Please beware that there are actually (at least) two things called "Wireless Managers" on Windows PC, both of which interfere with the normal operation of WIndows, and as a result, can block or interfere with the normal operation of Connectify Hotspot. Connectify Hotspot's successful operation counts on Windows behaving the way it's supposed to be behave. If you are running Windows XP, this article is probably not about your manager. Please go here:
There's a more recent kind of Wireless Manager. The Dell Wireless Manager, found on many Windows 7 and perhaps some WIndows Vista PCs, is one of this new kind. So is the Verizon "VZ Access Manager" program, the "AT&T Connection Manager" from AT&T, the Ericsson Wireless Manager, etc. Windows will naturally open and close as many network connections as you might like, just as it supports multiple disc drives, input devices, sound cards, and even multiple monitors. Some companies have decided that this capability is too confusing for you, and so they have these Wireless Managers installed on your system. The goal of such programs is usually to keep Windows active on only one network at a time. This may mean that, when you plug in an Ethernet connection, your Wi-Fi device is automatically disabled.

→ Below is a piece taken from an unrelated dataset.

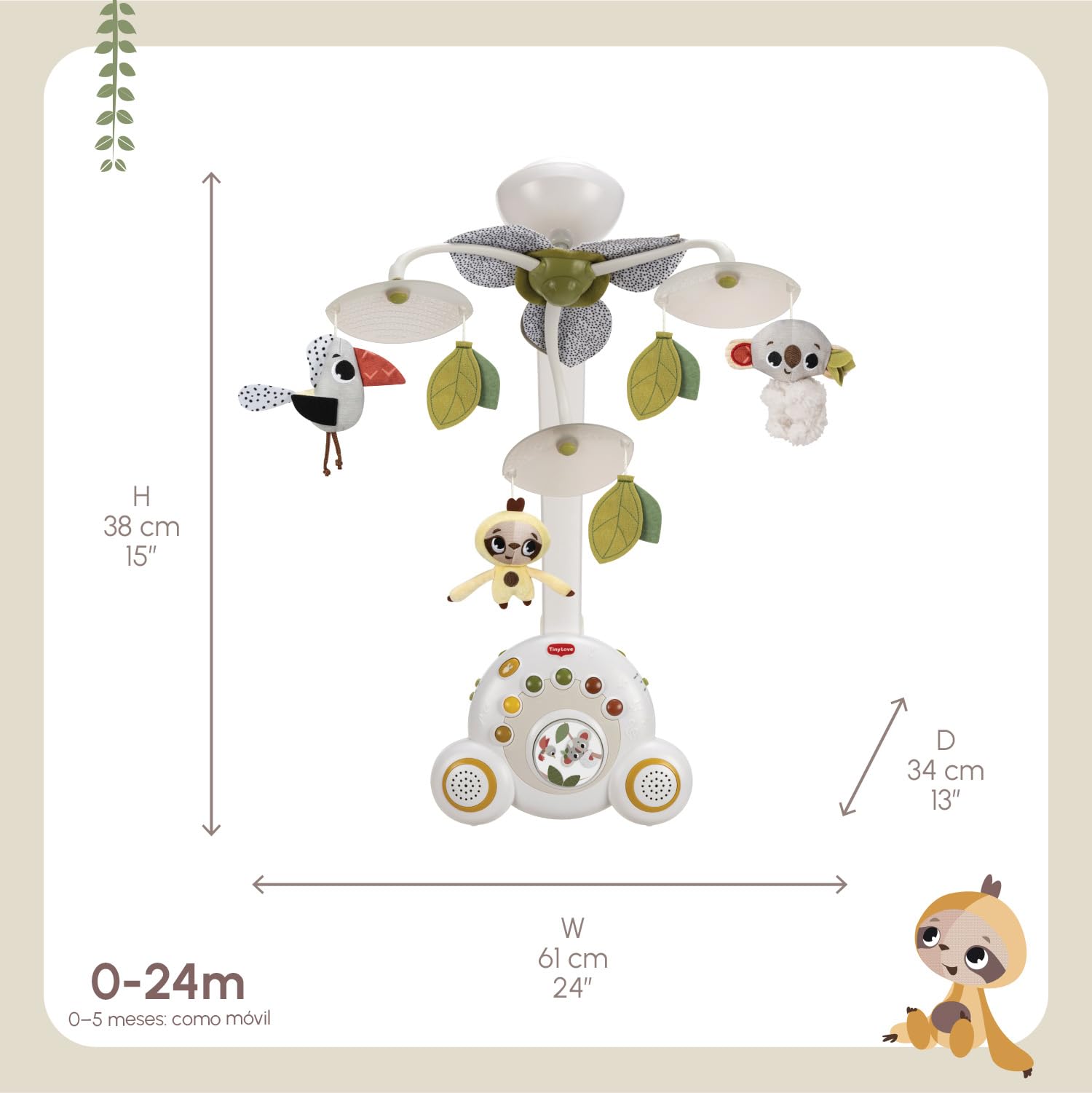 Tiny Love Soothe 'n Groove Móvil, Móvil Cuna Bebé Musical 2 en 1, 0+ Meses, Convertible en Caja Música Portátil Independiente, Estimulación Visual, 18 Melodías, 40 Minutos Música Continua, Boho Chic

That alone is bad news if you're trying to share a connection. But Connectify Hotspot itself is also a network connection, because it provide a virtual router as a Soft AP. It provides the wireless router that leads out to your Connectify Hotspot. WIndows can't get to the Internet via this connection, but some Wireless Managers are -- let's just say it -- stupid. They see the Connectify Hotspot network active, and proceed to shut down other networks, blocking Connectify Hotspot's ability to share anything.
Such software is rarely compatible with Connectify Hotspot. If you have some need to run this software, you can try to adjust the settings, but we do not know of a way to make these programs safe for connection sharing. Most users don't even realize they're running one of these programs, since they either come pre-installed, or get installed along with WAN software, like a Verizon 3G/4G modem. You can launch the Control Panel in Windows and find the "Programs and Features" function or the "Uninstall a program" menu. Run either one of those applications, look for the Network Manager, remove it, and reboot.
In some cases, you may think you need this Wireless Management software. If it can be configured to leave the other wireless interfaces alone, or it may work with Connectify Hotspot, but it has been our experience that the whole purpose of this kind of software is to keep only one LAN active, and thus, it's inherently incompatible with Connectify Hotspot. You may be able to disable this software from automatically starting. If you find this in your Start Menu's "Startup" folder, simply removing it may help you. But it has to be disabled somehow; this is an incompatibility, and it's not Connectify Hotspot that's the problem.
Next, check your "Network Connections" panel (you can get to this from the Windows Control Panel, and also from Connectify Hotspot Menu "Control Panel" option). This shows all of the network devices on your system. You'll see LAN devices, such as the Connectify Personal Network Virtual Adapter -- that's the Connectify Hotspot network device mentioned above. You should also see your Wireless device listed as a "Wireless Network Connection", and any Ethernet or other wired devices you might want to use.
Make sure none of these say "Disabled". If they do, double-left-click on them, then select "Configure".
On the General tab, click on "Enable Device".
Hopefully, all your devices are now enabled and working. If you are unable to enable a device this way, and keep it enabled, you still have hostile software in your system making changes you don't want. Connectify Hotspot will never disable any network device. Windows will not either, without your specific request, either through Network Connections, via a mechanical switch on your computer, or via the Fn-F2 sequence on some PCs.
In short, if you are certain you have a Wi-Fi device, it's enabled (as found in the Network Connections panel), it's not "bridged" to another device, and it shows up as a real Wireless Network according to Windows, Connectify Hotspot will find it. If Connectify Hotspot can't find it, something is causing interference. We try to help, but ultimately, it is up to you to determine which programs and software are most suitable to your computing needs.